Activity –
Reproduce only what lies between the first line of the material below and the line containing "Piccioni senz’acqua in", with both of those lines included and every line kept exact.

Given entries –
* * *

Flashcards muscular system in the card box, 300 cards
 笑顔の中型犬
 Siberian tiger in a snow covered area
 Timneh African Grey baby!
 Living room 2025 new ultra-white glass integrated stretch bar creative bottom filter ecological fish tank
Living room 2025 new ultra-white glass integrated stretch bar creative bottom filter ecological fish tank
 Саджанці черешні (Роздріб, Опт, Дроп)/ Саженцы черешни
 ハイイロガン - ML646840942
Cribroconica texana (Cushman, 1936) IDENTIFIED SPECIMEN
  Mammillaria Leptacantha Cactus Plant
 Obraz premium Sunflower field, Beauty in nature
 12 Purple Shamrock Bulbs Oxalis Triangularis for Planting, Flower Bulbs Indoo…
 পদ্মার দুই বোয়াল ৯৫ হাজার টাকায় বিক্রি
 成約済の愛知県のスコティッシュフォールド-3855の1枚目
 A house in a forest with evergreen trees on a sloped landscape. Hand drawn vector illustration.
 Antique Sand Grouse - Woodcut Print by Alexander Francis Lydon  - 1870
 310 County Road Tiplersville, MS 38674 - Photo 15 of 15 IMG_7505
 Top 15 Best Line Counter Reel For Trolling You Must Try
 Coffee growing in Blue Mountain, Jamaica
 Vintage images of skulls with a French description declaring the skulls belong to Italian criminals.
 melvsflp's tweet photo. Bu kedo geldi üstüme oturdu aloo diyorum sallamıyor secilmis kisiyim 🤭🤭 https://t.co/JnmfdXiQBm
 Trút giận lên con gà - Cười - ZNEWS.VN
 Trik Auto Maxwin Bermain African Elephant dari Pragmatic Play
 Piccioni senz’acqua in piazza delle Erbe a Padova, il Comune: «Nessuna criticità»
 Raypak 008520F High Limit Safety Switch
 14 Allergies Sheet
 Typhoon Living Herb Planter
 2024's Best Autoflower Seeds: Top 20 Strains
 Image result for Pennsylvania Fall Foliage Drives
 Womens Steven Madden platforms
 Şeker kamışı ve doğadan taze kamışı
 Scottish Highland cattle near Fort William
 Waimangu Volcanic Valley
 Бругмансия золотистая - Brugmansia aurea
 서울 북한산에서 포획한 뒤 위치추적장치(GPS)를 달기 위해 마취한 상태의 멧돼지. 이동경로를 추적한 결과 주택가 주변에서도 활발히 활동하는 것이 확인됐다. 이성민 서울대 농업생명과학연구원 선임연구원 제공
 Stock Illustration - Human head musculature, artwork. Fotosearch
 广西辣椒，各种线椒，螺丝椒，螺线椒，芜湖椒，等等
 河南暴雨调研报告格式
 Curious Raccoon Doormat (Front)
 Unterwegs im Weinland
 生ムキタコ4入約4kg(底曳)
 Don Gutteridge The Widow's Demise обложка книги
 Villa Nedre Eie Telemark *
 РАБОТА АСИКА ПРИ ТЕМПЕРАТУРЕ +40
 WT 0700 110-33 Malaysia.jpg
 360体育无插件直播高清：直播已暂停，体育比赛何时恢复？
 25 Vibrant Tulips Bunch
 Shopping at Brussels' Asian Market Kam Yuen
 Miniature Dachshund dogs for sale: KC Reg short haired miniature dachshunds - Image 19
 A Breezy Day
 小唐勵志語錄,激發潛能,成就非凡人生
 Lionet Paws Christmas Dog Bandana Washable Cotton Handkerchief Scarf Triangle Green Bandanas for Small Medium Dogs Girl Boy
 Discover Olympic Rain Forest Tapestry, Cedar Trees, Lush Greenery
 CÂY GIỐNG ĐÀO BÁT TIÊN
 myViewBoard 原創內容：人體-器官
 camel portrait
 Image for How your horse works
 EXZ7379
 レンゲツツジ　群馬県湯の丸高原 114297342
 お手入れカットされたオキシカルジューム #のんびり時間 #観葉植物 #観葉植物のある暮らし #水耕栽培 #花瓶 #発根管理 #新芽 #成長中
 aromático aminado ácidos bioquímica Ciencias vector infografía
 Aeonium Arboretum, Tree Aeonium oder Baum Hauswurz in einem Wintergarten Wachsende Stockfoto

* * *

Solution to this problem –
Flashcards muscular system in the card box, 300 cards
 笑顔の中型犬
 Siberian tiger in a snow covered area
 Timneh African Grey baby!
 Living room 2025 new ultra-white glass integrated stretch bar creative bottom filter ecological fish tank
Living room 2025 new ultra-white glass integrated stretch bar creative bottom filter ecological fish tank
 Саджанці черешні (Роздріб, Опт, Дроп)/ Саженцы черешни
 ハイイロガン - ML646840942
Cribroconica texana (Cushman, 1936) IDENTIFIED SPECIMEN
  Mammillaria Leptacantha Cactus Plant
 Obraz premium Sunflower field, Beauty in nature
 12 Purple Shamrock Bulbs Oxalis Triangularis for Planting, Flower Bulbs Indoo…
 পদ্মার দুই বোয়াল ৯৫ হাজার টাকায় বিক্রি
 成約済の愛知県のスコティッシュフォールド-3855の1枚目
 A house in a forest with evergreen trees on a sloped landscape. Hand drawn vector illustration.
 Antique Sand Grouse - Woodcut Print by Alexander Francis Lydon  - 1870
 310 County Road Tiplersville, MS 38674 - Photo 15 of 15 IMG_7505
 Top 15 Best Line Counter Reel For Trolling You Must Try
 Coffee growing in Blue Mountain, Jamaica
 Vintage images of skulls with a French description declaring the skulls belong to Italian criminals.
 melvsflp's tweet photo. Bu kedo geldi üstüme oturdu aloo diyorum sallamıyor secilmis kisiyim 🤭🤭 https://t.co/JnmfdXiQBm
 Trút giận lên con gà - Cười - ZNEWS.VN
 Trik Auto Maxwin Bermain African Elephant dari Pragmatic Play
 Piccioni senz’acqua in piazza delle Erbe a Padova, il Comune: «Nessuna criticità»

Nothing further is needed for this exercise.